Wir haben heute ein wenig schwäbisches Kulturgut verbreitet und mit ca. 40 internationalen und vietnamesischen Mitbäckern "Ausstecherle" gebacken. Die Plätzchen/Guatsle/Breedle sind super gut angekommen und werden nun verkauft um Kindern in einem Dorf in den Bergen zu helfen. Wir hatten sehr viel Spaß zusammen und sind danach noch Joghurt, Sữa chua essen gegangen.
Im Vorhinein war ich schon recht verzweifelt, weil es unmöglich schien eine geeignete Bäckerei zu finden. Als ich kurz davor war die Veranstaltung abzublasen, habe ich jedoch diesen netten Bäcker gefunden, der kurzerhand entschlossen hat nicht nur seine Küche zur Verfügung zu stellen, sondern auch alle Zutaten zu spenden.
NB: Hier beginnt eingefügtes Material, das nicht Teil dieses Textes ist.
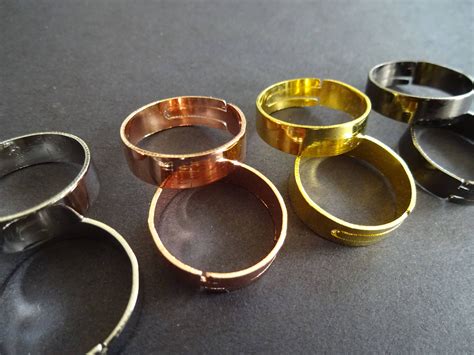 10 Pack Ring Components Adjustable Rings 4 Color Choices Iron Ring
Ein toller Mensch!
Insgesamt sind die Vietnamesen schon recht weihnachtsverrückt. Im Supermarkt rennen alle Angestellten mit Nikolausmützen zur Crazy-Frog-Version von "Jingle Bells" herum und riesige Plastikbäume, geschückt mit massenhaft Lametta und Blinklichtern werden aufgestellt. Wenn man dann jedoch fragt, weiß niemand genau warum wir eigentlich Weihnachten feiern.
Das ist verständlich, da sich hier insgesamt schon wenig mit Religion beschäftigt wird, mit christlicher noch viel weniger. Das heißt aber nicht, dass hier niemand spirituell ist, diese Spiritualität fußt nur auf ganz viele verschiedene Glaubensrichtungen und ist auch etwas sehr persönliches.
In meiner Empfindung setzt sie sich oft aus Buddhismus, Ahnenverehrung (in jedem Haus steht ein Altar), der Verehrung von Personen (insbesondere Ho Chi Minh) aber auch einem starken Aberglaube zusammen. So wurde Moritz und mir zum Beispiel nach einer ausgeprägten Trommelsession am Mittagstisch gesagt, dass uns jetzt Geister folgen, da wir mit den Essstäbchen auf unser Schälchen geschlagen haben.
Ich finde grundsätzlich gut, dass das jedem ziemlich selbst überlassen wird, allerdings auch sehr schade, dass Religion gar kein Gegenstand von Diskussion zu sein scheint und auch nicht in der Schule unterrichtet wird. Immerhin bestimmt sie, wenn auch nicht immer im positiven, doch einen großen Teil unserer globalen Gesellschaft und ist wichtig um globale Zusammenhänge zu verstehen. Diese Ausblendung ist wohl noch ein Überbleibsel aus dem real nicht mehr wirklich existierenden Sozialismus. Ich habe jedoch auch das Gefühl, dass sich in der neuen Generation gerade in Richtung freier Meinungsäußerung ganz schön viel tut. (Immerhin kann ich das hier auch so schreiben ohne Angst vor jeglichen Konsequenzen haben zu müssen.)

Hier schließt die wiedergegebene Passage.